I Love Search Suggest

The first time I saw Google Lab’s suggest function, I spent about two hours just playing around with it. Granted, my idea of fun differs from most people’s, but I really think this is an important innovation in search practices. It’s a great example of a technology that solves a problem so effectively that it’s bound to become ubiquitous.

By now, you’ve probably seen this: it’s a list that drops down from a search box as you type, showing query strings similar to the one you’re typing. In usability testing of search engines that don’t have suggest functions, I’ve seen many users struggling to formulate just the right combination of words that will produce matches for the information need locked up in their heads. Search suggest makes that task easier.

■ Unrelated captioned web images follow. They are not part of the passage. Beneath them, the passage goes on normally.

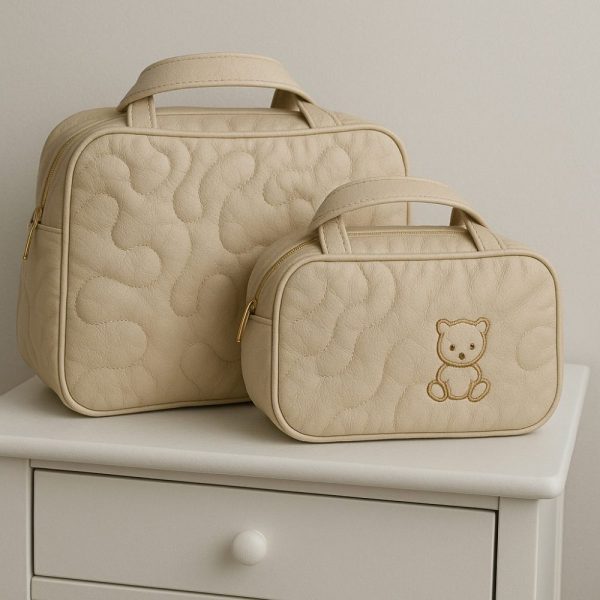 Kit Bolsa Maternidade Bege - 2 Peças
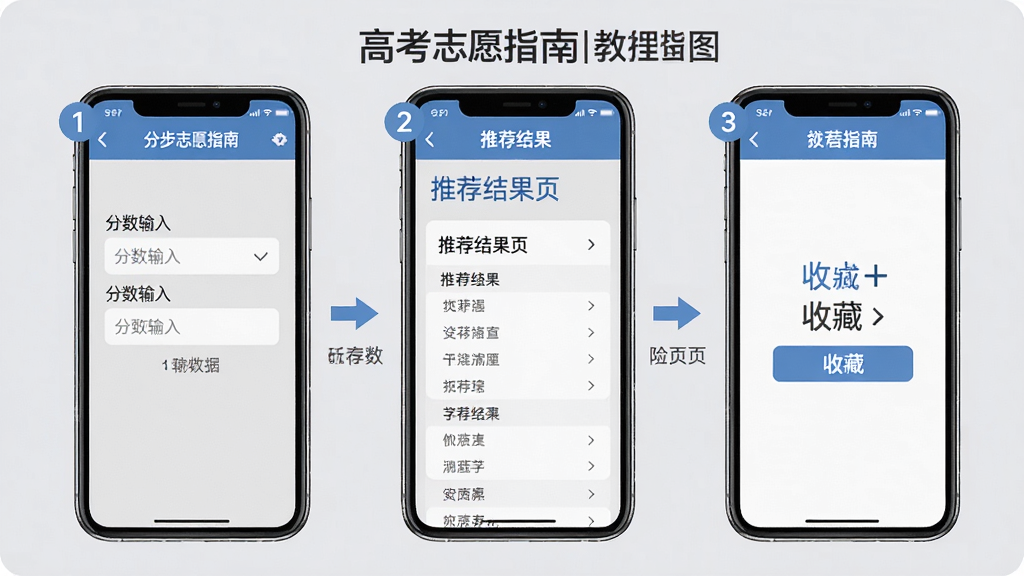 高考志愿指南使用教程示意图,手机屏幕显示分步操作指引,包含分数输入框、推荐结果页和收藏按钮,背景为浅灰色,主体是手机界面分步截图,布局为三格并排,排版整齐,风格为教程说明风,细节包括步骤数字标注、箭头指引、文字说明,画质高清干净无多余元素
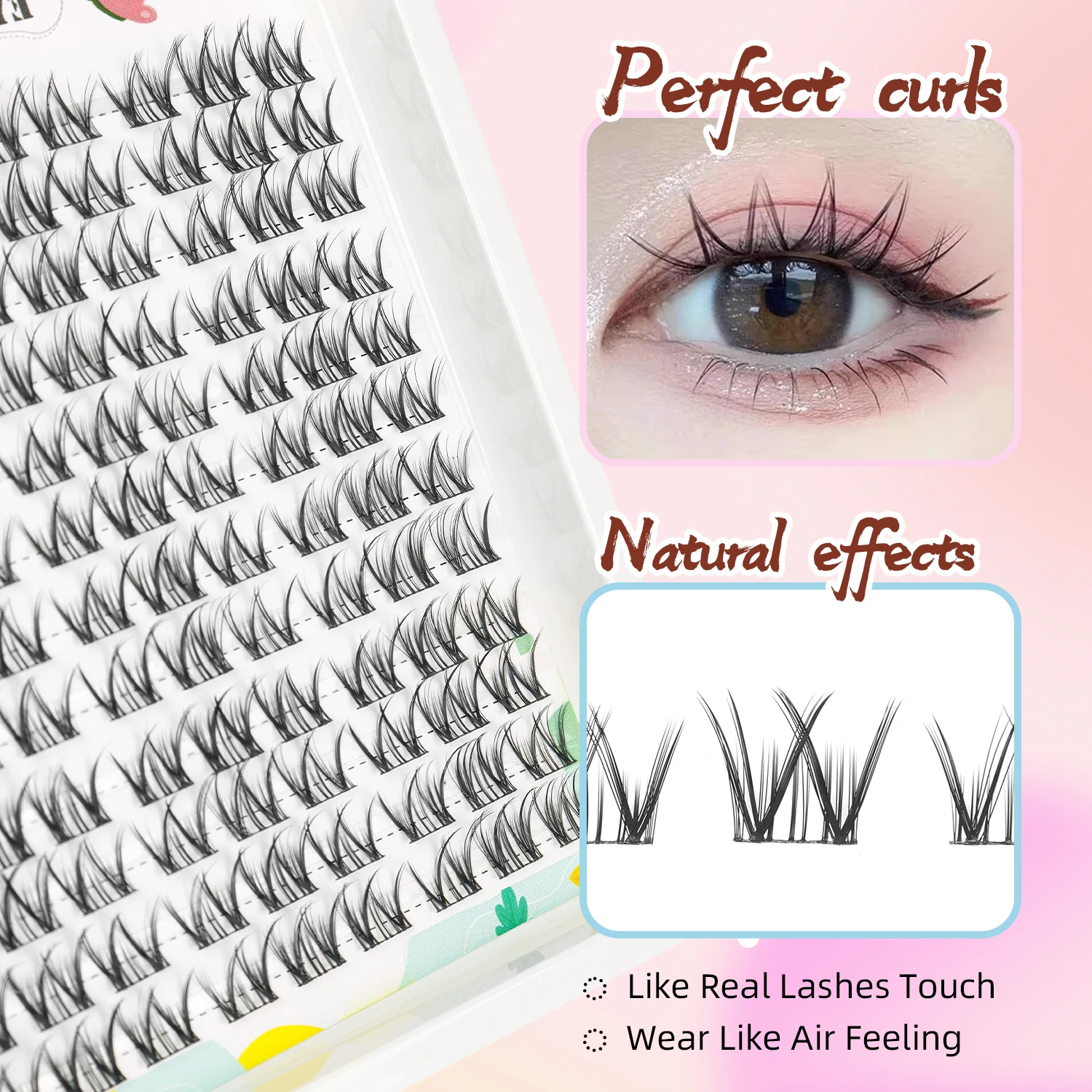 108Pcs Lazy Trilogy False Eyelash Thick Simulation Single Cluster Curling Comic Light European and American Little Devil Eyelash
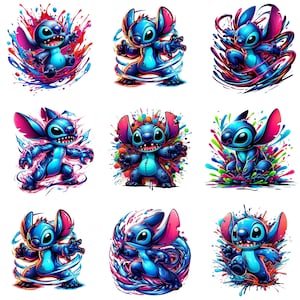 Stitch Splash and Watercolor Clipart,  Stitch Png Bundle, Stitch Clipart, Stitch Bundle, Lilo and Stitch Png, Cricut Png, Silhouette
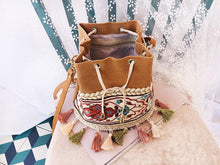 Load image into Gallery viewer, Bohemian Embroidered Tassel Bucket Bag Crossbody Bag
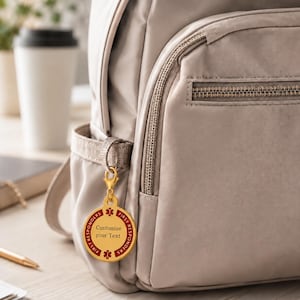May include: A gold-toned circular metal tag with a lobster clasp attachment. The tag features a red border with the text "FIRST RESPONDERS" and a medical star symbol. The center is white with the black text "Customize your Text" printed on it.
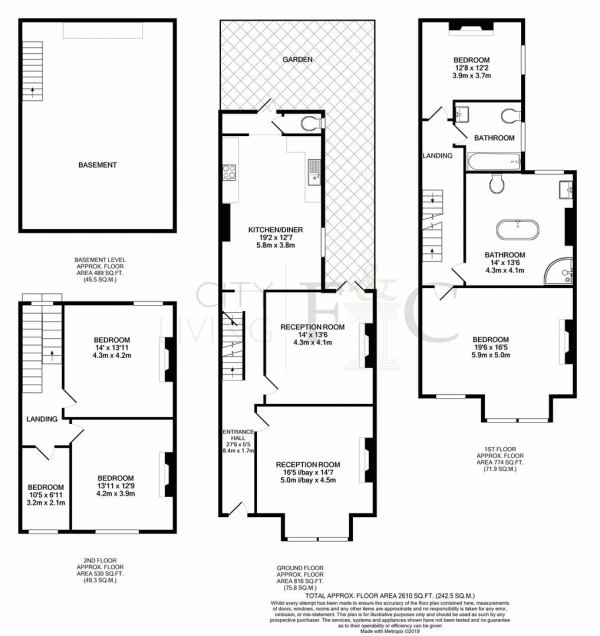 Floor Plan Image for 5 Bedroom Semi-Detached House to Rent in Rosendale Road, SE21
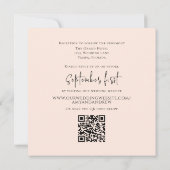 シンプル写真エレガントミニマルQRコードRSVPコーラル 招待状 (裏面)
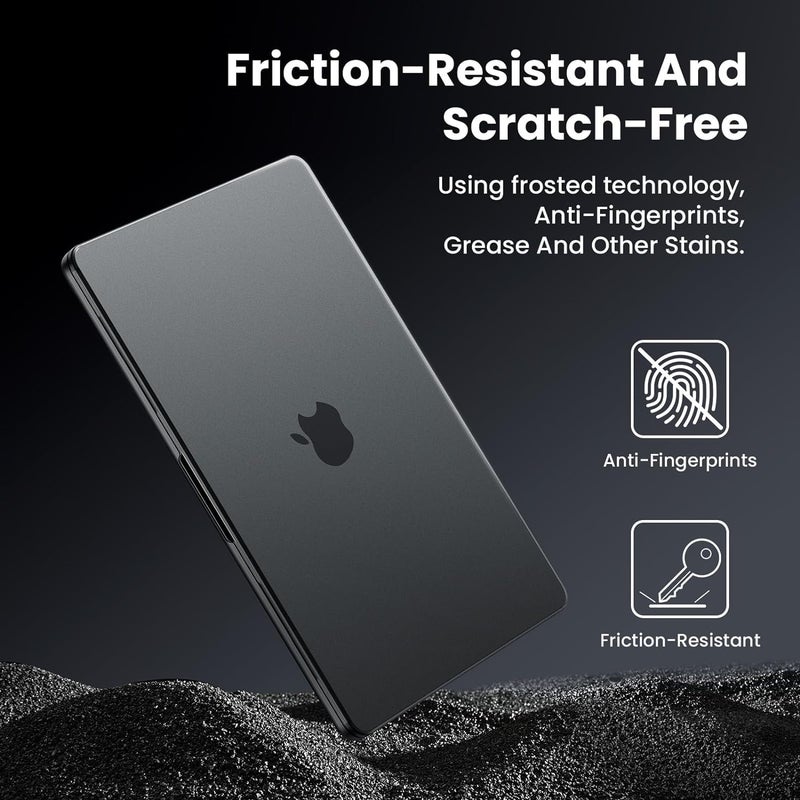BlueSwan for MacBook Pro 16 inch Case, 2026-2021 M5 M4 M3 M2 M1 Pro/Max, Anti-Scratch Flexible Protective Laptop Cover with Grippy Matte Texture, Slim and Easy Installation, Frosted Black - Image 4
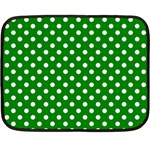 Polka Dots - White on Green Double Sided Fleece Blanket (Mini)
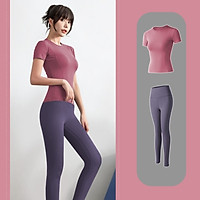 Bộ Đồ Tập GYM YOGA Nữ 2 Món, Set Quần Áo Thể Thao Tập GYM Áo Thun Đen và Quần Dài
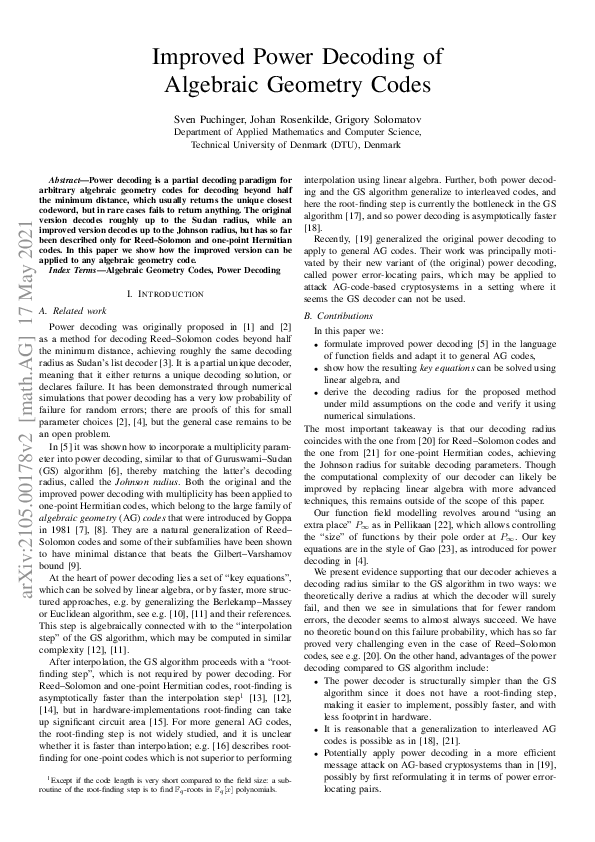 (PDF) Improved Power Decoding of Algebraic Geometry Codes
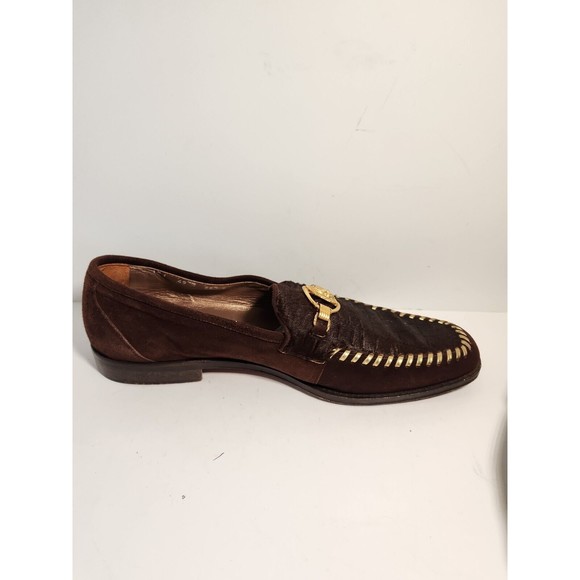 Vintage David Eden Men\'s Size 10B Leather Suede Square Toe  Loafers With Gold... main image 12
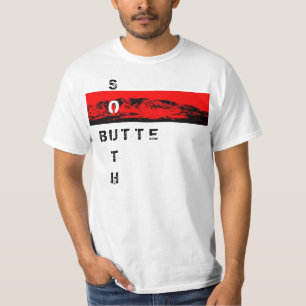 Södra skjorta för vit för Butte"nolla" röd Tee Shirt
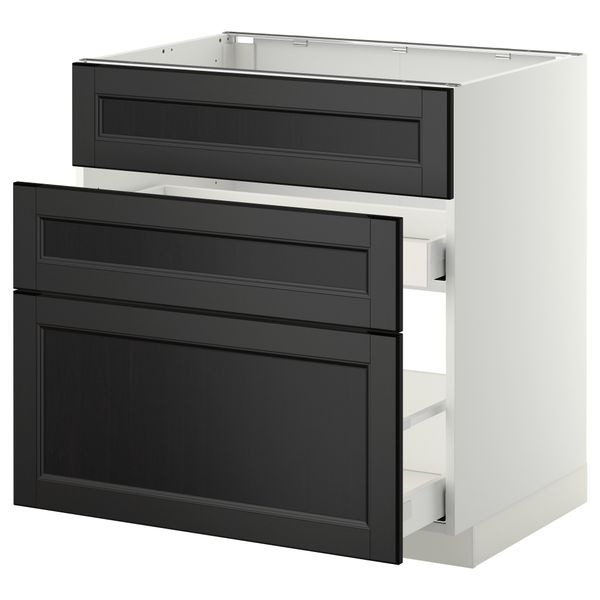 Напольный шкаф под мойку + 3 фронтальных панели, 2 ящика МЕТОД / МАКСИМЕРА, белый, Лаксарби черно-коричневый - схема-чертеж с размерами
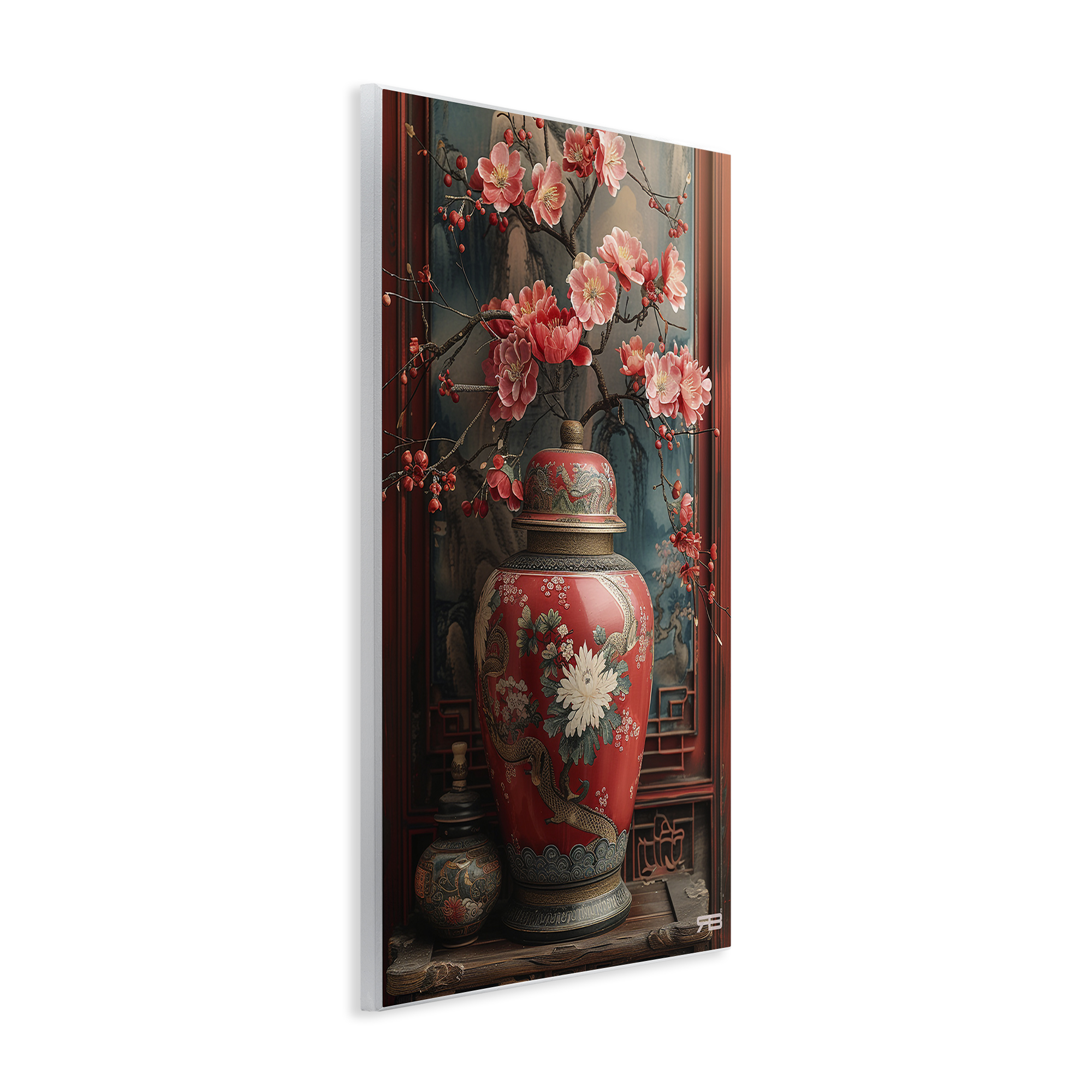 Stupell Industries Traditional Asian Vase Botanical & Floral Painting Unframed Art Print Wall Art, 13 x 19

As users become accustomed to selecting suggestions from this list, you can expect that their queries will converge on fewer and fewer phrasings, which will in turn make optimization efforts more effective since people will use phrasings that have already been optimized more often.

I’m not sure who thought of it first, but you’re starting to see suggest everywhere in slightly differing flavors:

  • Google suggest lists queries that other people have tried, in descending order of popularity. That approach makes good sense: if many users are searching for something, it’s more likely that you’re searching for it too. As a result, the suggest function often seems to anticipate what you’re trying to find.
  • Ask.com’s implementation is very similar to Google’s, but lacks the annotation listing the number of results you’ll get if you submit that query. I think that’s unfortunate, because its presence on Google Suggest helps users evaluate the specificity of the search before submitting it.
  • Yahoo’s version matches against words in the middle of the search string, instead of just those that are at the beginning. This seems like a very good idea, because it removes the somewhat unfair burden on the user to type the right words first. But it’s also a more complicated algorithm, and I’d be curious to learn about its reliability.
  • Google Finance’s version may belong in a different class of suggest functions altogether. While it looks similar to other implementations, it’s only providing suggestions for known items in its database. When you submit a suggested string, you don’t get a list of search results; you get a single page for that item. This opens an important question about what the user’s typical expectations are for suggest functions. In this case, the function is promising “these are things for which there is a known match,” but in the cases above it’s just saying “these are searches that other people have tried”. I wonder if that dichotomy causes problems for users.
  • Apple has, as it always does, gone all out and included short descriptions, images, and groupings in its drop-down. Apple mixes known items with search result lists, but moves you strongly toward picking queries with one best answer. It’s an ambitious approach, and I think it’s fantastically successful.

Depending upon the implementation selected, a suggest function can also be relatively easy to build. Given the high ratio of benefit to complexity, I would expect to see suggestion features become more or less standard over the next few years. Let’s say that by mid-2010, your site will start to look behind the times if it doesn’t have one.